▶ WORK INSTRUCTIONS
Extract each line from the entries below that has the string "handles" in it.

▶ ENTRIES PROVIDED
[Start of Attachment]

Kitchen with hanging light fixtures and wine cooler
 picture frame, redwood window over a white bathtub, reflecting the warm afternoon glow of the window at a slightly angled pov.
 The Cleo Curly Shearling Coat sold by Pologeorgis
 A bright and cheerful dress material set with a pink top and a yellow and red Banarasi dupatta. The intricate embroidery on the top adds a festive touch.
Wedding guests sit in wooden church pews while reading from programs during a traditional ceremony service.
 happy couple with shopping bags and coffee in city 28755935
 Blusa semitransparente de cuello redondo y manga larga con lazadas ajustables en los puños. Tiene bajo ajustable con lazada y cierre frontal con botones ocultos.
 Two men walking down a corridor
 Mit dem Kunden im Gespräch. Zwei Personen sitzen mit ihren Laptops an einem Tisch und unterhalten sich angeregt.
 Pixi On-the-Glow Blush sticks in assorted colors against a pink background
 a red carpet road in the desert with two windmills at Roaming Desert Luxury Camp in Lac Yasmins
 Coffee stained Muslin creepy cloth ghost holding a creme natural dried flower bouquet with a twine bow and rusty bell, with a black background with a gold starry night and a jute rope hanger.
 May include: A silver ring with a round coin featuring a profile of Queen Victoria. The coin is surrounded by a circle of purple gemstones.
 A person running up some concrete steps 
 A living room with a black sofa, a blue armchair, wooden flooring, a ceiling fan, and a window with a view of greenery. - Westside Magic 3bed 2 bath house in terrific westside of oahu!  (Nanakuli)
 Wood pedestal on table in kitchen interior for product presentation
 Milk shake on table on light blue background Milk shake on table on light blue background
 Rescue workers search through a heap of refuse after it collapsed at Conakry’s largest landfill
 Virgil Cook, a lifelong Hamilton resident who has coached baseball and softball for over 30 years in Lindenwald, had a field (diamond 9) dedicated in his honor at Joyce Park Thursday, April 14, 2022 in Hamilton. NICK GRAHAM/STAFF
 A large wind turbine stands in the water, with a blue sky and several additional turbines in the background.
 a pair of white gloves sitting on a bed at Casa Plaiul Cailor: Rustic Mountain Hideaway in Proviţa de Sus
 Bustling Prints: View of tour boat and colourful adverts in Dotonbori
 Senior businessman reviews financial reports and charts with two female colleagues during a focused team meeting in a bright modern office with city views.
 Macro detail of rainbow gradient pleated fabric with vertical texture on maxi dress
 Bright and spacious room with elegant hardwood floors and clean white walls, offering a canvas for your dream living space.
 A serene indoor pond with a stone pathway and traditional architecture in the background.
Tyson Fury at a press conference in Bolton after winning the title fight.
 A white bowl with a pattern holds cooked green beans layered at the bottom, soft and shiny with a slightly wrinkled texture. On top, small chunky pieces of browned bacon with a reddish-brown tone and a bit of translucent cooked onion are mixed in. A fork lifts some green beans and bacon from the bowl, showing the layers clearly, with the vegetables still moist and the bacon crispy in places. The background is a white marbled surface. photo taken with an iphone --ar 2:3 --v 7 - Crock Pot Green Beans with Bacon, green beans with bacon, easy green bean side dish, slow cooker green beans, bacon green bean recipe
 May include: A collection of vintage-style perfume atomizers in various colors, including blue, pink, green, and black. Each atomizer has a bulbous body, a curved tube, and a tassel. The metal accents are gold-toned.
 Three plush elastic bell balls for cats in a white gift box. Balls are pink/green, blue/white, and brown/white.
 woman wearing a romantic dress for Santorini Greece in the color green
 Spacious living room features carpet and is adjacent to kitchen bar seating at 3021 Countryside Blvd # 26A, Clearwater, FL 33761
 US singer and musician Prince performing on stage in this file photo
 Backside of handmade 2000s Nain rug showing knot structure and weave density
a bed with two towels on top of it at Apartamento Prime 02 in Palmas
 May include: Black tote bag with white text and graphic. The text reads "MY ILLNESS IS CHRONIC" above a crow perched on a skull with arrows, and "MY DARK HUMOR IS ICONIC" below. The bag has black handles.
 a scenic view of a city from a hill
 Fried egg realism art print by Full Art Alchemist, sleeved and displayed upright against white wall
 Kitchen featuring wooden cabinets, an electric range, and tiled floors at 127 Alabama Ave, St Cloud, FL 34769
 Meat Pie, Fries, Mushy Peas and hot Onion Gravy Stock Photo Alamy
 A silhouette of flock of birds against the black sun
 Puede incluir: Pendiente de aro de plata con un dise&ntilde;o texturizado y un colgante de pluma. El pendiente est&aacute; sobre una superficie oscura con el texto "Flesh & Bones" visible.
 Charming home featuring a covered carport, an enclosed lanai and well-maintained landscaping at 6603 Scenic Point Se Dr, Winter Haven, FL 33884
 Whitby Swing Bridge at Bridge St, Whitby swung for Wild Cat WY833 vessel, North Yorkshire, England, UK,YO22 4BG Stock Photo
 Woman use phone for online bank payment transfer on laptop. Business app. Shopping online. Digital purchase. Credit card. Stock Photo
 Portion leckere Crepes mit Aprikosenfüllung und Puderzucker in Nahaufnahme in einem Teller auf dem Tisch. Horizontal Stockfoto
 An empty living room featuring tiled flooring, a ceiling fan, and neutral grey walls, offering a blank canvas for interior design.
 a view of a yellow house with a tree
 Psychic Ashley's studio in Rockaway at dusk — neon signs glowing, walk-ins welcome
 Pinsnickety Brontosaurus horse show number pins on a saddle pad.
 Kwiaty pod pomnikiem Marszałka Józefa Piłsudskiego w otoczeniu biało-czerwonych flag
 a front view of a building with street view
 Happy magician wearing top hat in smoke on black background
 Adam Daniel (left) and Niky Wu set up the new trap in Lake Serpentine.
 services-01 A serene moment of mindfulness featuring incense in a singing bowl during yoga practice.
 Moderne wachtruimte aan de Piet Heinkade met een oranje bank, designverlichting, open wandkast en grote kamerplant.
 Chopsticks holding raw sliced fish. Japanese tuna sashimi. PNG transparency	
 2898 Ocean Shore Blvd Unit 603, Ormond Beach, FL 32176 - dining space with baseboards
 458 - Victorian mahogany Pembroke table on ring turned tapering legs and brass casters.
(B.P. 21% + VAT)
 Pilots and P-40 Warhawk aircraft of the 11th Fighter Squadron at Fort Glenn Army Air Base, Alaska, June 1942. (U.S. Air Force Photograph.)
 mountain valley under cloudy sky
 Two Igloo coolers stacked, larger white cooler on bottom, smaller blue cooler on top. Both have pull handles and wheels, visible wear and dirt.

[End of Attachment]

▶ EXERCISE ANSWER
 May include: Black tote bag with white text and graphic. The text reads "MY ILLNESS IS CHRONIC" above a crow perched on a skull with arrows, and "MY DARK HUMOR IS ICONIC" below. The bag has black handles.
 Two Igloo coolers stacked, larger white cooler on bottom, smaller blue cooler on top. Both have pull handles and wheels, visible wear and dirt.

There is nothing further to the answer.